Single-file ONNX of the encoder-only CATT model (Abjad AI, Apache-2.0). CATT-EO is non-autoregressive — a transformer encoder followed by a linear classifier head — so TigreGotico stitched the two stages into one ONNX with onnx.compose. The stitched graph is byte-identical (max|Δ| = 0.0) to the original two-stage encoder→head pipeline.

file	precision	size
`catt_eo.onnx`	fp32	78 MB
`catt_eo.int8.onnx`	dynamic int8	21.6 MB

I/O. Inputs src (int64, [batch, seq] Buckwalter ids) and src_mask (bool, [batch, 1, seq, seq]). Output [batch, seq, 18] tag logits. Tokenizer: tashkeel_tokenizer_onnx.py (+ bw2ar.py, utils.py) — Buckwalter encoding and the 18-tag tashkeel scheme. See catt_models_onnx.py for an end-to-end example.

Benchmark. ~4.27 % DER on the broad TigreGotico/arabic_diacritized_text test (much lower on CATT's own narrow benchmark — distribution-dependent). The int8 file is dynamic-quantized; expect small divergence from fp32.

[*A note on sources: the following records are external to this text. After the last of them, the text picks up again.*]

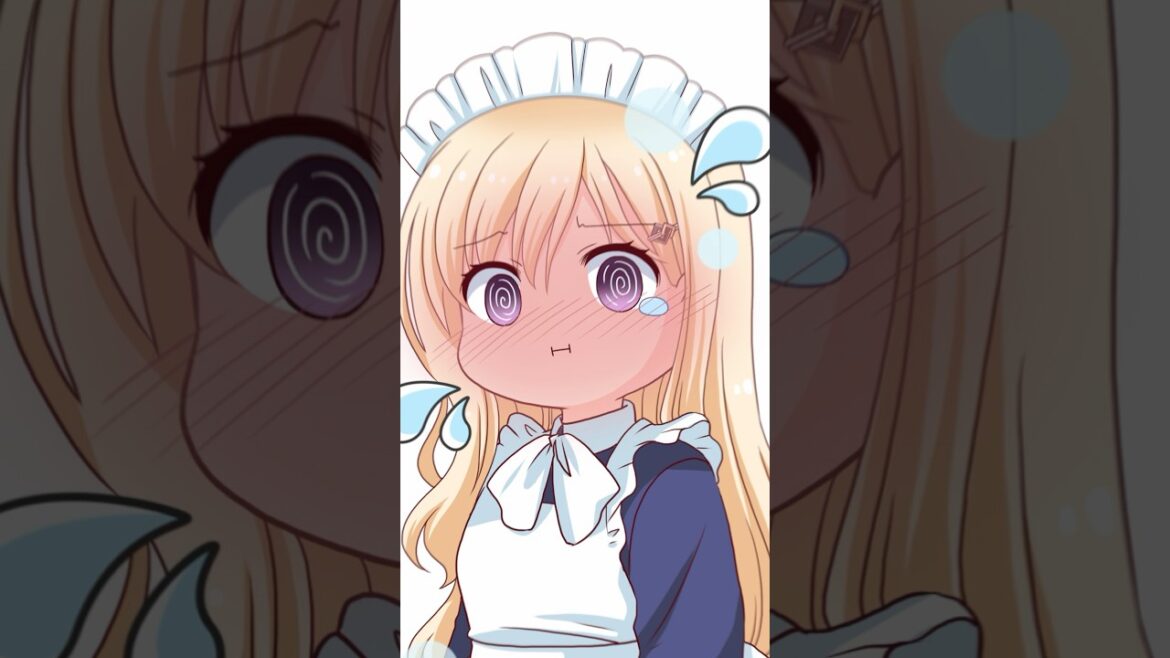 恥ずかしくて顔着火ファイア🔥 #義妹生活 #アニメ #shorts #if #モエチャッカファイア 恥ずかしくて顔着火ファイア🔥 #義妹生活 #アニメ #shorts #if #モエチャッカファイア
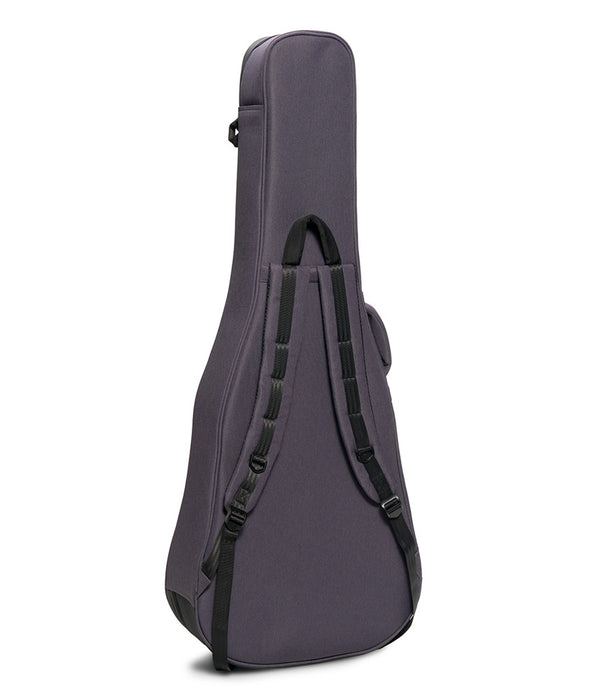 Martin GPC-16E Acoustic-Electric Guitar - Vintage Tint | New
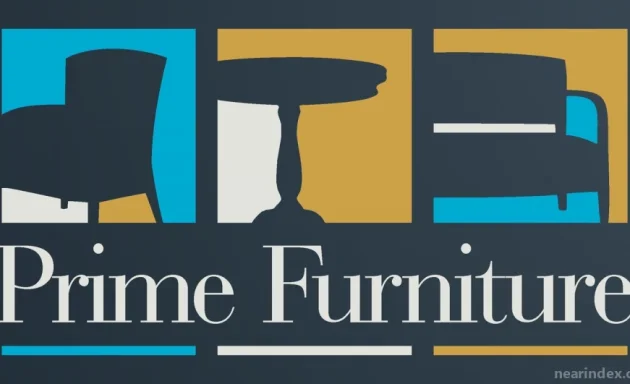 Photo of Prime Furniture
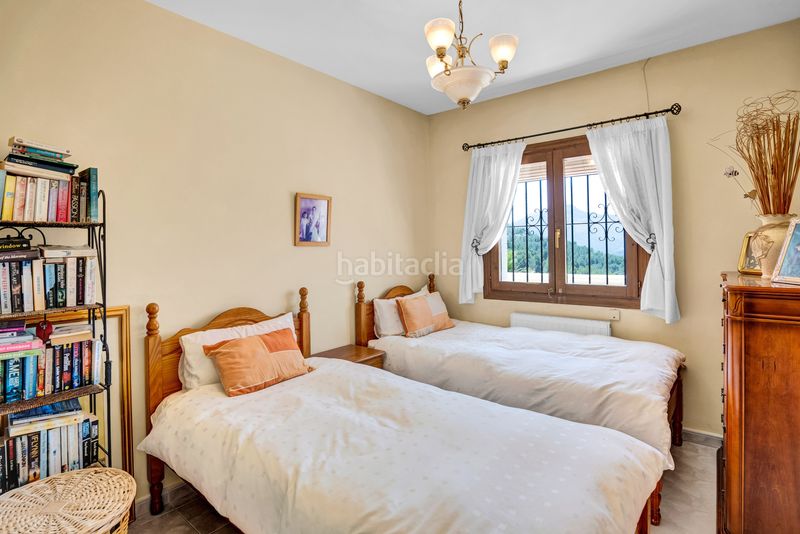 Foto ecc6f578-b51c-49fe-b500-311a9d8a7a4b. Casa en Murla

Part of the Arabic Diacritizers / Tashkeel collection. Original CATT © Abjad AI (Apache-2.0); this is a stitched re-export with attribution.

Encoder-decoder variant (CATT-ED)

catt_ed_encoder.onnx + catt_ed_decoder.onnx (+ .int8) are the autoregressive encoder-decoder model — the decoder runs once per output position (causal mask), so it is two ONNX (not stitchable) and much slower than CATT-EO. In text2tashkeel it is the catt-ed / catt-ed-int8 model.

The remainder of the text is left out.